TASK DIRECTIONS: Find how many lines in this data contain the string "Green". Respond with only that number.
____
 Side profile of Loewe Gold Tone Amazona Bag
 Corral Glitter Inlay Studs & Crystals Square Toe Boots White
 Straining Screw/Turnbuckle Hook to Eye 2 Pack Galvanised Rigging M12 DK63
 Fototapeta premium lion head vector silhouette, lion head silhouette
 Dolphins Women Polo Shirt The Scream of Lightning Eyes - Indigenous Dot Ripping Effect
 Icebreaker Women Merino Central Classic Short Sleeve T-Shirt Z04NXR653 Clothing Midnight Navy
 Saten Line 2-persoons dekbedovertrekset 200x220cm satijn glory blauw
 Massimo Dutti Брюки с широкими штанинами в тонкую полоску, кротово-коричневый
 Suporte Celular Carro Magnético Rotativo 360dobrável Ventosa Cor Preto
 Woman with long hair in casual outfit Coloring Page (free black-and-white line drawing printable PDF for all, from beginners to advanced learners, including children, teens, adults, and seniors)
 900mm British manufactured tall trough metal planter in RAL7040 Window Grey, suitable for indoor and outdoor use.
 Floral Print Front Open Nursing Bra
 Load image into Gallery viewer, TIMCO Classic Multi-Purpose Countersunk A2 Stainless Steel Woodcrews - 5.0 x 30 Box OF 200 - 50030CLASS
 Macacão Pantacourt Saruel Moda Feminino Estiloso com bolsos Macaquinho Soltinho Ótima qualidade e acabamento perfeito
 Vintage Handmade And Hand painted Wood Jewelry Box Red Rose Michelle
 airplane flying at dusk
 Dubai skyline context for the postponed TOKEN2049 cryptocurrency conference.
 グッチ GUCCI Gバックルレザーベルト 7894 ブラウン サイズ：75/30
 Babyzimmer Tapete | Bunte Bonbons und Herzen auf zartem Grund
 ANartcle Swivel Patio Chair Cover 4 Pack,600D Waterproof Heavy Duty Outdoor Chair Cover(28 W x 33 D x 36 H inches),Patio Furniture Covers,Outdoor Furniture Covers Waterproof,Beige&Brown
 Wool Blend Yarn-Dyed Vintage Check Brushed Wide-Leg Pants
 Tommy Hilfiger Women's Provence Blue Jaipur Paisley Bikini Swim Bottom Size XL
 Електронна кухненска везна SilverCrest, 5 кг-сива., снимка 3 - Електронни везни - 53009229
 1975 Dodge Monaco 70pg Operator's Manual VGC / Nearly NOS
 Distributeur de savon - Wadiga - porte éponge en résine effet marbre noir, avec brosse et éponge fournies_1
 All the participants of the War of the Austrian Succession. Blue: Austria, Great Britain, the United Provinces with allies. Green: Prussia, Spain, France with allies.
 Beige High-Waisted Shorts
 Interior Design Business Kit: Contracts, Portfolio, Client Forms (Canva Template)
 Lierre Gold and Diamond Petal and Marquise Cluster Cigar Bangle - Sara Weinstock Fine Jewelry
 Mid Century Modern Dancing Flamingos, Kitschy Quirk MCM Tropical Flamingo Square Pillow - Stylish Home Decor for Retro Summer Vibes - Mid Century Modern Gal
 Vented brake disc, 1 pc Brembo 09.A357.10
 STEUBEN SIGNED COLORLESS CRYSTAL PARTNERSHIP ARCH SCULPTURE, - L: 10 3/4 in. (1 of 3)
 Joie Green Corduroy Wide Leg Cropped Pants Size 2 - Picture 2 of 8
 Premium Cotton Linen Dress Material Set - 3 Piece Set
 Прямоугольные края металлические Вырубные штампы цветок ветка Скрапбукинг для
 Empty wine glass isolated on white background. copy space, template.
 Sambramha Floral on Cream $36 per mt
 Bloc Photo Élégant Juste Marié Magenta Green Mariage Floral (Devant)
____
SOLUTION FOR THIS TASK: 3